Ginkgo Bioworks develops new strains of yeasts, bacteria to produce natural flavors, fragrances

Liang_BioSTEAM-Gingko-Tour_Courtesy-of-Gingko-Bioworks

Nine Brown and RISD students had the unique opportunity Thursday to tour the laboratory of Ginkgo Bioworks, a major biotechnology company, to learn more about the new field of biological design. The students met biologists and designers and examined miniature breweries containing bacteria and culture broth.


Specializing in biological design, Ginkgo creates organisms like yeast and bacteria engineered to produce useful organic compounds, such as perfumes or natural flavorings. The finished products are then licensed to clients like scent houses. Clients grow the cultures and harvest their products on a large scale.


Sponsored by the biology branch of Brown Science, Technology, Engineering, Art and Mathematics, a campus organization that focuses on the intersection of traditional scientific disciplines and art, the tour included a discussion with two senior Ginkgo employees as well as a presentation of their foundry, a largely robotically run organism experimentation lab.


Ginkgo was co-founded in 2008 by Tom Knight, who was then a professor at the Massachusetts Institute of Technology. Within seven years, the company raised over $45 million in funds from many investors, including the San Francisco-based startup fund Y Combinator, said Creative Director Christina Agapakis.
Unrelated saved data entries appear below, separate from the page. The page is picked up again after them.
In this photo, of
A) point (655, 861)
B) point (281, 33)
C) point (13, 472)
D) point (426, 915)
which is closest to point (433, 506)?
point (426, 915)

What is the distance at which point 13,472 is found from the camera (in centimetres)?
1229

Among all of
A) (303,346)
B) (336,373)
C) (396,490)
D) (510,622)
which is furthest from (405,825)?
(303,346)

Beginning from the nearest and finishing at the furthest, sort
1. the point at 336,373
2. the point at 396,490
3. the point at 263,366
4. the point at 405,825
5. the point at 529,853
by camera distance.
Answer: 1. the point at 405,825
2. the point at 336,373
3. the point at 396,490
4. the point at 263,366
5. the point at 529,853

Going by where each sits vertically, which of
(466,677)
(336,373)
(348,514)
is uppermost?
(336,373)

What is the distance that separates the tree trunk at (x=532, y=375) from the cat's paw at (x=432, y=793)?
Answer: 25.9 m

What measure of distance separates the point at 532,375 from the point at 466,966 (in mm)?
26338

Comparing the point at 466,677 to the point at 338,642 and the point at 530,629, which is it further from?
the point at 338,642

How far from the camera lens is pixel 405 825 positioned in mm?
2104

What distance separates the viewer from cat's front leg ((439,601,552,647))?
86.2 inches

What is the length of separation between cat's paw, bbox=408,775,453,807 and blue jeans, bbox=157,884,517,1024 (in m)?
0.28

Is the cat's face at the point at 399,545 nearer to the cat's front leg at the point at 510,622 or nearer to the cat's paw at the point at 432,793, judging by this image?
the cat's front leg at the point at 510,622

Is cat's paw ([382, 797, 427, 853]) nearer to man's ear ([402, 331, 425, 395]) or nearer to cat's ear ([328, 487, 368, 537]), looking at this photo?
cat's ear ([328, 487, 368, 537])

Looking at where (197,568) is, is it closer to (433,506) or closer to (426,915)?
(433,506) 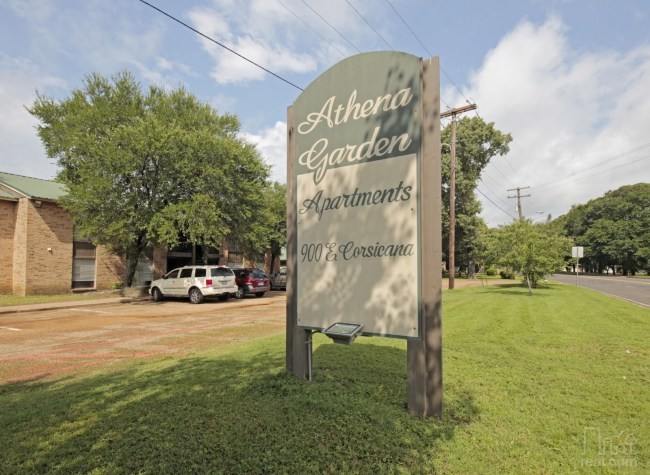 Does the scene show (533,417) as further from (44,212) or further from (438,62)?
(44,212)

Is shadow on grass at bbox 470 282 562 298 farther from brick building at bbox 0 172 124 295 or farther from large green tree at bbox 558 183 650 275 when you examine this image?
large green tree at bbox 558 183 650 275

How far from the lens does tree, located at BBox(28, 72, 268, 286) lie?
723 inches

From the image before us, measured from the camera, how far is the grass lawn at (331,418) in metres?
2.85

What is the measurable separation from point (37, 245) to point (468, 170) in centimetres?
4368

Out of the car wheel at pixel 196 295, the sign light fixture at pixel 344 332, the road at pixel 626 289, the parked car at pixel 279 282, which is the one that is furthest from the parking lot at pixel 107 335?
the road at pixel 626 289

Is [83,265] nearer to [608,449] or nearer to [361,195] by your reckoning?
[361,195]

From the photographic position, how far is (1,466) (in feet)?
9.12

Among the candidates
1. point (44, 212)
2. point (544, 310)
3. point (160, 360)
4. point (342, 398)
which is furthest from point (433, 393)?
point (44, 212)

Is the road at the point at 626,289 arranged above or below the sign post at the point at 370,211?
below

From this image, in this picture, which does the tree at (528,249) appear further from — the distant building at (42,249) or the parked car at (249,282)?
the distant building at (42,249)

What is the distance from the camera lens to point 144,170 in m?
19.4

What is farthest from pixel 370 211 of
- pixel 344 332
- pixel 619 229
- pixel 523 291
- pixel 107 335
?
pixel 619 229

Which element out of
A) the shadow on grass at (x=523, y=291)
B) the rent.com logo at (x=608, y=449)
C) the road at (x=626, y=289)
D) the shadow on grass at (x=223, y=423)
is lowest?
the road at (x=626, y=289)

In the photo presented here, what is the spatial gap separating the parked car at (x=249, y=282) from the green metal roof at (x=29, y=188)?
10760 mm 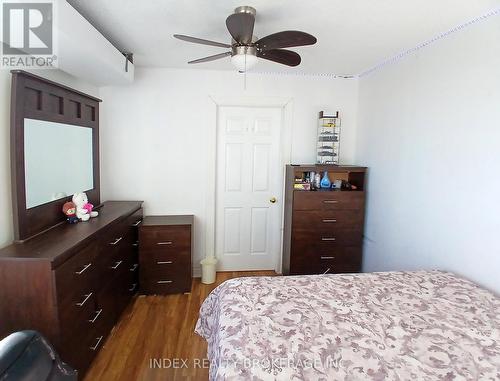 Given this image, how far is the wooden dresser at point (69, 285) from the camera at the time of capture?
59.3 inches

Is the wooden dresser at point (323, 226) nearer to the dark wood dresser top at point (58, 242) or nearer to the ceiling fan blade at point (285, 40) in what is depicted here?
the ceiling fan blade at point (285, 40)

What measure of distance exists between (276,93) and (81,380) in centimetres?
302

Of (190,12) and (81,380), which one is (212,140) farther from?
(81,380)

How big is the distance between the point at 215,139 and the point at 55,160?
1.60 meters

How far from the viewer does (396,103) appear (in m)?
2.74

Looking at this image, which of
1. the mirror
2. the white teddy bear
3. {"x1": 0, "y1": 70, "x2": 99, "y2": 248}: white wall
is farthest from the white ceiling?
the white teddy bear

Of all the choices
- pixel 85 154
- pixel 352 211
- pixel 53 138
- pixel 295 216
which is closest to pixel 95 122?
pixel 85 154

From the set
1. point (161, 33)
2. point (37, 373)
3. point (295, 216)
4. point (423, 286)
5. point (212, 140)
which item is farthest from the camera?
point (212, 140)

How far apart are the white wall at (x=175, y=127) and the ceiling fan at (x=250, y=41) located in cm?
138

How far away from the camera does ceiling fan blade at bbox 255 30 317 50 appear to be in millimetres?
1654

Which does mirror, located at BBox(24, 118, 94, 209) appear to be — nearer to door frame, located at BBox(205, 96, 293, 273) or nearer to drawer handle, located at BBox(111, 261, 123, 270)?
drawer handle, located at BBox(111, 261, 123, 270)

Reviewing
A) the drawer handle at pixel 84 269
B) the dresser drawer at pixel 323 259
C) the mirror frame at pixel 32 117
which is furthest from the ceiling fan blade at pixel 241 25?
the dresser drawer at pixel 323 259

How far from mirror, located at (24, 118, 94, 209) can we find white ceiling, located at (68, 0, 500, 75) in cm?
79

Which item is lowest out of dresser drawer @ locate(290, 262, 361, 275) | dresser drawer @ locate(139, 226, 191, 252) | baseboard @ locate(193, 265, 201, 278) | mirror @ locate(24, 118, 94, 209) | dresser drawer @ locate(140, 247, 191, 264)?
baseboard @ locate(193, 265, 201, 278) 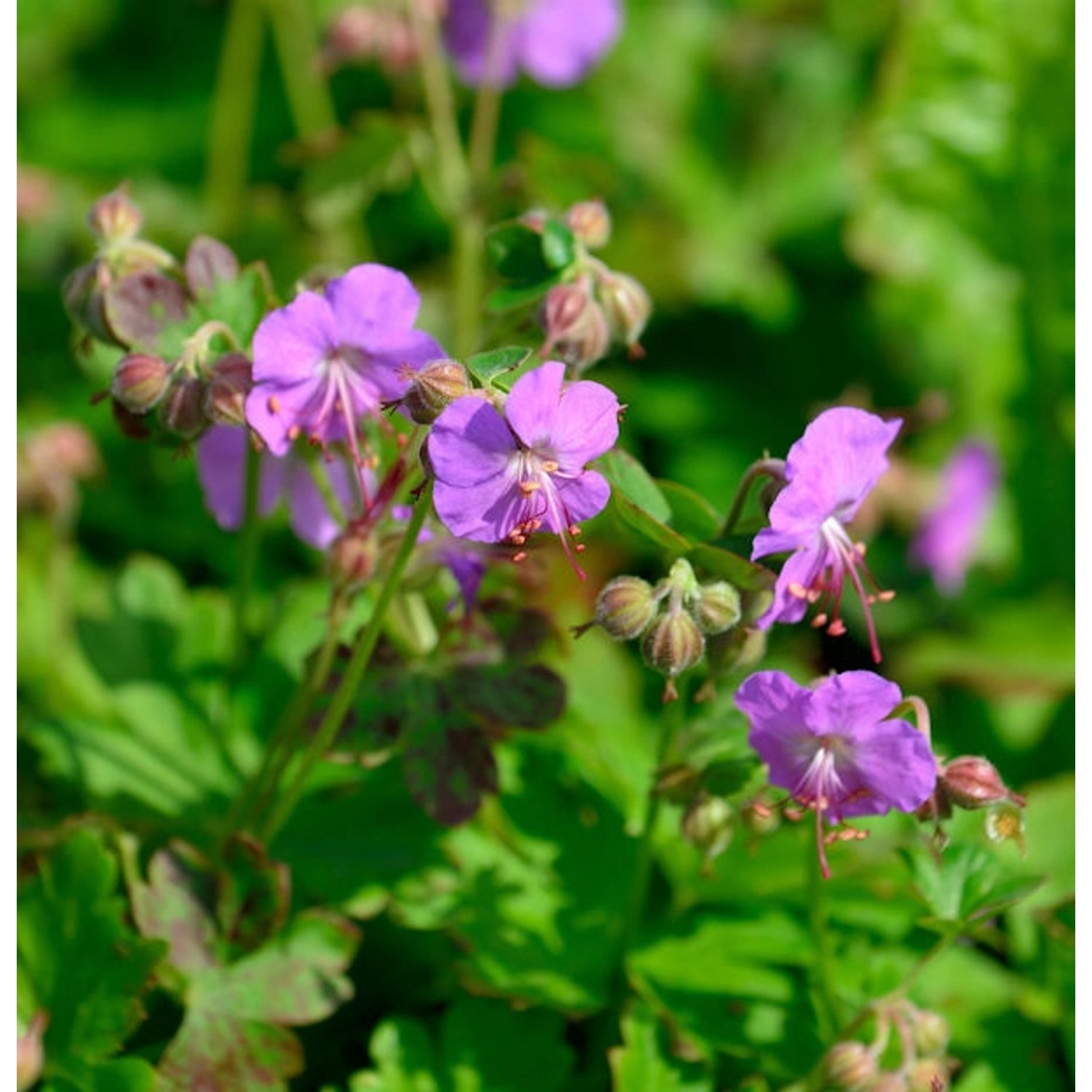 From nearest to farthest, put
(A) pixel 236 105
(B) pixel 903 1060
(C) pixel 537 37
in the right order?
(B) pixel 903 1060 → (C) pixel 537 37 → (A) pixel 236 105

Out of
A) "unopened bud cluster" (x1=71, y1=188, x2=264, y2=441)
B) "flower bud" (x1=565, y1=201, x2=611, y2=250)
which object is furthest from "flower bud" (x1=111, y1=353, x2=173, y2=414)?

A great deal of the company’s work entails genetic modification of simple organisms, implementing common design processes on the biological scale, said Patrick Boyle. The costs of DNA and other simple biological samples in the market have fallen low enough to allow for mass experimentation on living systems, Boyle said.


Taking advantage of the natural metabolic pathways of plants and other organisms, Ginkgo workers methodically alter DNA and the resulting proteins, slowly recreating the compounds needed for industrial and commercial industries, Agapakis said.
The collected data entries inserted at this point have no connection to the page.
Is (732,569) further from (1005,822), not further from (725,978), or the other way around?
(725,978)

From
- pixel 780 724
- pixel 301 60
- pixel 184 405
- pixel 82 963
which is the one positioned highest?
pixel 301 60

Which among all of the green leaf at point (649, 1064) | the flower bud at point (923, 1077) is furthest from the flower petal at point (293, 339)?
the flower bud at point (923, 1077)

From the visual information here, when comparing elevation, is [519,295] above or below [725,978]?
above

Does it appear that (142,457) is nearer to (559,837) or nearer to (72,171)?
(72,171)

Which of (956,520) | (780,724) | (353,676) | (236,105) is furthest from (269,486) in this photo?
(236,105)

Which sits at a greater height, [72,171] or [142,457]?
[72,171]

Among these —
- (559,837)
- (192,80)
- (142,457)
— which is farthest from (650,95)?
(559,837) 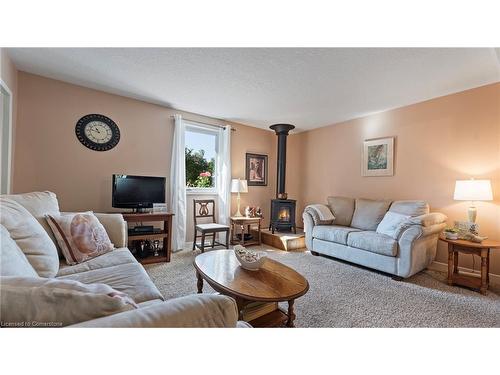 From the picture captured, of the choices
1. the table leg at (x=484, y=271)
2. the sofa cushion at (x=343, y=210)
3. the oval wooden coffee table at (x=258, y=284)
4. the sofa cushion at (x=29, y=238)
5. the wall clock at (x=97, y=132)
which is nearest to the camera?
the sofa cushion at (x=29, y=238)

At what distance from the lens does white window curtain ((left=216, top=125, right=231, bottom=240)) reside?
4.17 m

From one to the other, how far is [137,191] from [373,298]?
10.2ft

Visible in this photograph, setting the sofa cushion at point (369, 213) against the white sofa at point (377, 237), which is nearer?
the white sofa at point (377, 237)

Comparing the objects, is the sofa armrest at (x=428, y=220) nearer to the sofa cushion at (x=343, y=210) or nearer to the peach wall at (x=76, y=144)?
the sofa cushion at (x=343, y=210)

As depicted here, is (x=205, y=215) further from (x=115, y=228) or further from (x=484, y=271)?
(x=484, y=271)

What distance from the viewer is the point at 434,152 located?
10.2ft

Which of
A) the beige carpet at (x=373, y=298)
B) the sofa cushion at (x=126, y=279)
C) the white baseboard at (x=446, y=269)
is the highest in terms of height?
the sofa cushion at (x=126, y=279)

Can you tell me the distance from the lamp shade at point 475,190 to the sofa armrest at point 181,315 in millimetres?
3122

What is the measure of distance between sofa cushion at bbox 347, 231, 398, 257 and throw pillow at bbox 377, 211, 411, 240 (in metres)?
0.10

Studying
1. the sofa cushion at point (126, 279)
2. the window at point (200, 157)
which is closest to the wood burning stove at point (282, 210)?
the window at point (200, 157)

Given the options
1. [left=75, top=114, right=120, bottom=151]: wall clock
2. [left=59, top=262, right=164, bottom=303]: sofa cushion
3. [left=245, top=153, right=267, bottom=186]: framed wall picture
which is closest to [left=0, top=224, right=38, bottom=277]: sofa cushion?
[left=59, top=262, right=164, bottom=303]: sofa cushion

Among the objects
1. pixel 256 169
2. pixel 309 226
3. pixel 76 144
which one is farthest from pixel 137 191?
pixel 309 226

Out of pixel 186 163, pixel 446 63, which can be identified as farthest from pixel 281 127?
pixel 446 63

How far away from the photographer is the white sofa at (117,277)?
59 cm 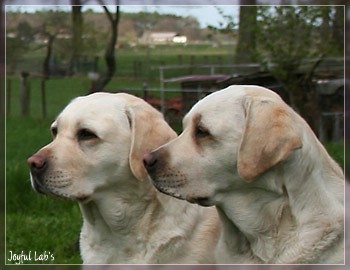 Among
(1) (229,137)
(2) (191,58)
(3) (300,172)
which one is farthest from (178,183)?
(2) (191,58)

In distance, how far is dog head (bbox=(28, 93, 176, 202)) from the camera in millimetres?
3188

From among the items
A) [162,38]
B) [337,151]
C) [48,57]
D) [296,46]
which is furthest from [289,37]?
[48,57]

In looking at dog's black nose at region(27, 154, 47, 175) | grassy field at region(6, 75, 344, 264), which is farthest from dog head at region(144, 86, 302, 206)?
grassy field at region(6, 75, 344, 264)

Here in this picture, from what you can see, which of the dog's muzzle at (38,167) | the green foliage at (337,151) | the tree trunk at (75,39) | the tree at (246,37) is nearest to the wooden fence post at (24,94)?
the tree trunk at (75,39)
Since beer- and wine-making involve many of the same principles as Ginkgo’s main endeavor, many of the workers also experiment with small-batch alcohol production as an interesting side project, Agapakis said.


Most of the wet lab is taken up by machines and computers that automate most of the production process, Boyle said. While he and Agapakis remember their grad school days of pipetting and waiting for slow reactions, large robotic arms now handle everything from mutations to protein analysis. On this larger scale, it is much easier to play around with metabolic pathways and find the right products, Boyle said. “If you watched ‘Independence Day,’ it’s like the alien spaceship that they reverse engineer,” he said.


The tour group was specifically interested in how to translate a traditional design and art concentration into this kind of career.


One of the touring students, Sydney Morrison ’16, an independent concentrator in biodesign, said she is looking for a career in biotechnology research. “I really love synthetic biology,” she said, adding that though most people assume prototyping and method-testing are used only in engineering, they are also important to industrial design and biology.


Boyle expressed similar sentiments, adding that a majority of the over 60 workers at Ginkgo have diverse work and academic experiences, including backgrounds in computer science, biology and design. But what they all have in common is strong engineering principles and an understanding of the design process, he said.


While the workspace itself has a Silicon Valley feel, Ginkgo has not expanded that far west. “Don’t graduate and join our competitors,” Agapakis joked to the students. The industry is still young enough for collaboration and partnerships, she added.